The JS-based implementation of ShadowRealm.prototype.evaluate first calls to the @evalInRealm host function that we implement in C++ here. This implementation allows us to use the shadow realm instance's global object in non-standard ways, like as the context with whitch to do code evaluation. The result of this code evaluation is then wrapped using @wrap, which is also a JS-based implementation defined here.

The evaluate implementation:

function evaluate(sourceText)
    "use strict";

    if (!@isShadowRealm(this))
        @throwTypeError("`%ShadowRealm%.evaluate requires that |this| be a ShadowRealm instance");

    if (typeof sourceText !== 'string')
        @throwTypeError("`%ShadowRealm%.evaluate requires that the |sourceText| argument be a string");

    let result = @evalInRealm(this, sourceText)
    return @wrap(result);

protecting yourself from prototype-chain pollution

In JS you can redefine pretty much everything, so if your VM implement one JS feature in terms of other (redefinable) JS features, then the VMs behavior is at the mercy of the user code it loads. To protect against this, JSC has special protected versions of core JS functionality, starting with an @ character.

For instance, I initially implemented function wrapping using the default Array.prototype.map and Function.prototype.apply:

function wrap(targetFunction) {
    let wrapped = (...args) => {
        // recursively wrap arguments coming into the wrapped function
        var wrappedArgs = args.map(@wrap)
        // run the underlying function
        const result = targetFunction.apply(@undefined, wrappedArgs);
        // wrap the result
        return @wrap(result);

These can be redefined at runtime, which is dangerous. I thus later updated them to args.@map(@wrap) and targetFunction.@apply(@undefined, wrappedArgs) respectively. The protected version of Array.prototype.map, @map, wasn't actually exposed beforehand, but it was easy to enough to make avaiable with this

a build gotcha: changes to a JS built-in are ignored

At various points during the development of builtins/ShadowRealmPrototype.js I my changes weren't included in re-builds I triggered.

It is pretty hard to iterate on subtle issues when you aren't sure if your code changes were in fact loaded. Traditional step debugging won't help you out here, but since wrapping up this work I've discovered that you can do print-statement debugging in JSC via @$vm.print expressions, given you use the --useDollarVM=1 flag.

Regardless, the "fix" I found to ensure JS built-in changes were registered was to turn off ccache by passing the --no-use-ccache to the build-webkit script. This made building much slower, but seemed to help. If you know what's going on here, I'd love some tips!
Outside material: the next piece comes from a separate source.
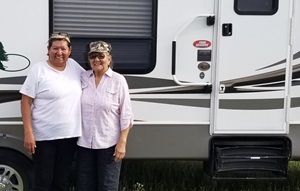 Two women beside an RV trailer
Hopefully that gives you a feel for a bit of what it takes to implement a new JS feature in JavaScriptCore. My initial ShadowRealm implementation is up at https://bugs.webkit.org/show_bug.cgi?id=230602 if you're curious to check it out in more detail.

With this background context out of the way, I'm looking forward to talking a bit about other things I came across during this work. Mainly how I tested the implementation, some issues I ran into with handling scopes in JSC, and things I learned while digging into performance issues.